First, some background. On Windows, your software is basically on its own: if the code you want isn't provided by Microsoft, it's your responsibility to package, ship, and update it. So for any third-party libraries we use (take sqlite as an example) we already must dedicate resources to integrating it into our build system, tracking security vulnerabilities upstream, and updating the code we use. This cost is fundamental to the endeavor, and any approach to software management beyond that (notably the Linux way) is by definition extra work to support. (That doesn't mean I don't want to change things, but just that doing so doesn't come for free.)
An interesting side effect of having all this code locally is that there is no longer a difference between your bugs and someone else's bugs: in tracking a bug down, you trace the code to the source of the problem and then you fix the bug, regardless of whose it is. Contrast this with development of software on any other platform, including Linux, where if there's a bug in Karmic's version of GTK the best we can say is "darn, let's file a bug upstream then attempt to find a workaround". (Which is what we've done; for a particular example I'll note my coworker Dan has written patches for two or three window managers, not that that helps any of our existing users.)

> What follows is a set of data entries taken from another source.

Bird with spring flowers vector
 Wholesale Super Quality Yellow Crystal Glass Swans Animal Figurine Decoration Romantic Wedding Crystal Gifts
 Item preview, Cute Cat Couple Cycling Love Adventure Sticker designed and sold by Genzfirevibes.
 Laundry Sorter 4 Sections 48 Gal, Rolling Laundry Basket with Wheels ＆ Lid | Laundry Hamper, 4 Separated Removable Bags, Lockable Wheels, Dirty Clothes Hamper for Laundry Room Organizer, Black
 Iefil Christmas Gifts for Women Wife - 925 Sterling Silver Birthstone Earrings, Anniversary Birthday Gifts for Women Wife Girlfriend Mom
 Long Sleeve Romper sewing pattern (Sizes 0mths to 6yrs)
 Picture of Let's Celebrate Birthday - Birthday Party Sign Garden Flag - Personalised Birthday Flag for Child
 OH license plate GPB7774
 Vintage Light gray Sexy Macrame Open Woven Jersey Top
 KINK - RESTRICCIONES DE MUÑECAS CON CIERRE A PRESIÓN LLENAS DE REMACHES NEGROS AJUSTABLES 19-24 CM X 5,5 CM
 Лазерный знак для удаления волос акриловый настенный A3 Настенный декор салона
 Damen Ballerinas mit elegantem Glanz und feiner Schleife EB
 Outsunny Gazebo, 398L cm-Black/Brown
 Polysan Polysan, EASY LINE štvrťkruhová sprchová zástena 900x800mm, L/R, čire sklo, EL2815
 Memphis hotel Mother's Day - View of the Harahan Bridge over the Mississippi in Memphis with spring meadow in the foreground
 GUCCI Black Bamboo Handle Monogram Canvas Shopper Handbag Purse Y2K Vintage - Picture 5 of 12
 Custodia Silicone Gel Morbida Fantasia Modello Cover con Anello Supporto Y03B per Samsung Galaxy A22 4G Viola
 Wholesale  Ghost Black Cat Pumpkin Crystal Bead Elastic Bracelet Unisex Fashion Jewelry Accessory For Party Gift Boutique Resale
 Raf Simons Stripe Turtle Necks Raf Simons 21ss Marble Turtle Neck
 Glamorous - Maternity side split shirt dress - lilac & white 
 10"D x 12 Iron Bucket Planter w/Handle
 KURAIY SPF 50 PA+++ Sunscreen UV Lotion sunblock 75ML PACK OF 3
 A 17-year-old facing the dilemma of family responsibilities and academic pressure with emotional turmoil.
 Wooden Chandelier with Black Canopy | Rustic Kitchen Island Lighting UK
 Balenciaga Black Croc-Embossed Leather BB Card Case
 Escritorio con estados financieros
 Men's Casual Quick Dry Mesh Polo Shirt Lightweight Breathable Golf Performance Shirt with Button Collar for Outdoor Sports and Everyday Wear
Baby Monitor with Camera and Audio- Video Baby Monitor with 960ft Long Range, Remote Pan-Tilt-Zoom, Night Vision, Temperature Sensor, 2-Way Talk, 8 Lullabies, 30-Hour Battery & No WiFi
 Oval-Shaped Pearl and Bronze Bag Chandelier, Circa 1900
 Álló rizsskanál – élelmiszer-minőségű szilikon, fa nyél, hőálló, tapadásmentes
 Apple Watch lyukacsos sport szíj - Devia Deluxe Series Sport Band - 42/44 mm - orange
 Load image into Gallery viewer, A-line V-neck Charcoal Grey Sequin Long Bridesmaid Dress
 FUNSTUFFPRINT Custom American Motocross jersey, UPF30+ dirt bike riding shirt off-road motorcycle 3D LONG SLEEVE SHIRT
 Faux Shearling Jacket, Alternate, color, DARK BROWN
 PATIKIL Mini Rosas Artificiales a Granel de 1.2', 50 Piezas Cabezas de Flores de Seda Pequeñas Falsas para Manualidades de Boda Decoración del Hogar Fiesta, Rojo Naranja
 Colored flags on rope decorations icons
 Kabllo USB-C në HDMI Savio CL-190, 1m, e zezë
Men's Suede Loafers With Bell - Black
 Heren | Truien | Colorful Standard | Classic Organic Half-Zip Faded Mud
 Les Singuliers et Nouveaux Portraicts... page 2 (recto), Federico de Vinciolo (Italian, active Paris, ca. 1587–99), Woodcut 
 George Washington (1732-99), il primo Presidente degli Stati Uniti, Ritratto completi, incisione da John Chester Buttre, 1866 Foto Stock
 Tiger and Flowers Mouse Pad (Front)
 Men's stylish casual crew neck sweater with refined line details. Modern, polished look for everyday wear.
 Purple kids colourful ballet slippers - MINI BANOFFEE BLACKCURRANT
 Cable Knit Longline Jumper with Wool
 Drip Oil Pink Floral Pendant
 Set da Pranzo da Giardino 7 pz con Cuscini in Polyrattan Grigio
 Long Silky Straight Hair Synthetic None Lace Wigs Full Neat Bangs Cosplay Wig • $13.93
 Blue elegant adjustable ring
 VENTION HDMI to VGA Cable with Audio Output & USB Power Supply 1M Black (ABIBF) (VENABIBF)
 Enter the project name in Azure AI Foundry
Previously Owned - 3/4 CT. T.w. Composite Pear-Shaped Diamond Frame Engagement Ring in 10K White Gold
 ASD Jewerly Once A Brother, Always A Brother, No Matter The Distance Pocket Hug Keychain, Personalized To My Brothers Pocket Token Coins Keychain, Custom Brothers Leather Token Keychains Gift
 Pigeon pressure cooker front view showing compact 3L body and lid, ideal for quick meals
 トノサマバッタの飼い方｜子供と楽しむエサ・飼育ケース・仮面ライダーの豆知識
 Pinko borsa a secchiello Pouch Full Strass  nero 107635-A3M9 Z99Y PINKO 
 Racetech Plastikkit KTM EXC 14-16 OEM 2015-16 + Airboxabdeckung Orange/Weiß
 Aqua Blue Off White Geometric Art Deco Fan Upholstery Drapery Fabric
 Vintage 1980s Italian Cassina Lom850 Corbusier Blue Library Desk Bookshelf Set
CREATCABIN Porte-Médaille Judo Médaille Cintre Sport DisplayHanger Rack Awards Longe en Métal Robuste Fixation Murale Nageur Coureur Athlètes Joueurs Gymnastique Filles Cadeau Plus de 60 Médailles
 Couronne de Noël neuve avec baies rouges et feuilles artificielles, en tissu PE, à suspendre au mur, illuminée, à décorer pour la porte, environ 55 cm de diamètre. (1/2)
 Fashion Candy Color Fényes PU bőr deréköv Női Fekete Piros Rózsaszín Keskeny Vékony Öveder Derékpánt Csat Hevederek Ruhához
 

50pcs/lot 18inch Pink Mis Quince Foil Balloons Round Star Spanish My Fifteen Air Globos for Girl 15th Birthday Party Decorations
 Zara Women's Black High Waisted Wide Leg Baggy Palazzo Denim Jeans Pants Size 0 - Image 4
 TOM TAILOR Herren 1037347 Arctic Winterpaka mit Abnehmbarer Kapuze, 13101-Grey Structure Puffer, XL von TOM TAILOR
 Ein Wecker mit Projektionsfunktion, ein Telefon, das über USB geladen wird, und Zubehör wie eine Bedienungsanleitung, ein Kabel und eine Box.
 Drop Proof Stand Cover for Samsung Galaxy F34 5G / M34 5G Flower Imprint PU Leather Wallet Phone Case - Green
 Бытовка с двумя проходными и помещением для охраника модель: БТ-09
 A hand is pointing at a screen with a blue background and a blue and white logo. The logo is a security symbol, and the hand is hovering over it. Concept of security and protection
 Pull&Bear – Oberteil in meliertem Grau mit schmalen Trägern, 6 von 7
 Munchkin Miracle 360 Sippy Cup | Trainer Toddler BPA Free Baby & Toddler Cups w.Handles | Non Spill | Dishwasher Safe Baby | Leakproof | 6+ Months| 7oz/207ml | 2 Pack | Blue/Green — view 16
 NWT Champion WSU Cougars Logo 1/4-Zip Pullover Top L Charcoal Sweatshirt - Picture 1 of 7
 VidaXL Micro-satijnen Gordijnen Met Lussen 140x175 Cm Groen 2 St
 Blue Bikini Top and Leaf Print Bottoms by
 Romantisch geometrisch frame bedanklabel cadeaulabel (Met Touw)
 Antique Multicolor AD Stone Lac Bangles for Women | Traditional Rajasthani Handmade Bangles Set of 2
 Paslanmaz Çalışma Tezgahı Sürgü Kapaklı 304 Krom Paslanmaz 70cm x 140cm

I believe this is generally the approach we have taken: do whatever it
takes to make the best product we can, contribute bits upstream where
we can. So let's take a stroll through the README
s in the
third_party
directories and see what we can find. As I type this
post I don't actually know the conclusion I'll reach, so this is for
my education as much as yours. (Edit: Now that I've gone through more
of this, I'll use the short phrase "build changes" to mean "changes
made to let this to build as part of our cross-platform build system,
ending up as a static lib that gets pulled into our final binary.")
-
apple
: two random files, no README. I have no idea what this is. The reviewer should have caught this before checking it in. Filed bug 29334. (Edit: now fixed.) -
bsdiff
: "This is Chrome's locally patched copy of Colin Percival's bsdiff tool [...] obtained from Mozilla's local copy/fork of bsdiff." The entirety of the code is a 382 line source file, so I can't be too bothered either way. Fork severity: harmless. -
bspatch
: just like bsdiff. 357 lines. -
bzip2
: "When updating, no modifications should be necessary aside from copying the subset of files included here." -
cld
: I believe this is an internal Google project. I wonder if was ever officially open sourced. Filed bug 29342 about unclear license. -
codesighs
: "There are no local changes to the code itself." -
expat
: Removed unused files. Two patches: one to fix a compiler warning on Windows, one to fix a crash. The README says it's version 2.7.0, but as far as I can tell from the home page and my Karmic install the latest version is 2.0.1 released in 2007? Perhaps it's a typo in the README. I tried to check if we'd reported the bug into their bug tracker but I get a server error when I click their bug tracker link. Fork severity: suspicious. -
ffmpeg
: Patched to hell. I believe we actually build this with gcc on Windows, it is so gnarly to build. The README is terrifying to me; it says we patch out some of its hand-written assembly so our crash catcher can function. Fork severity: fail.On the other hand, I don't think ffmpeg really cares too much; it seems from their download page they don't actually make releases, and instead recommend just pulling their trunk.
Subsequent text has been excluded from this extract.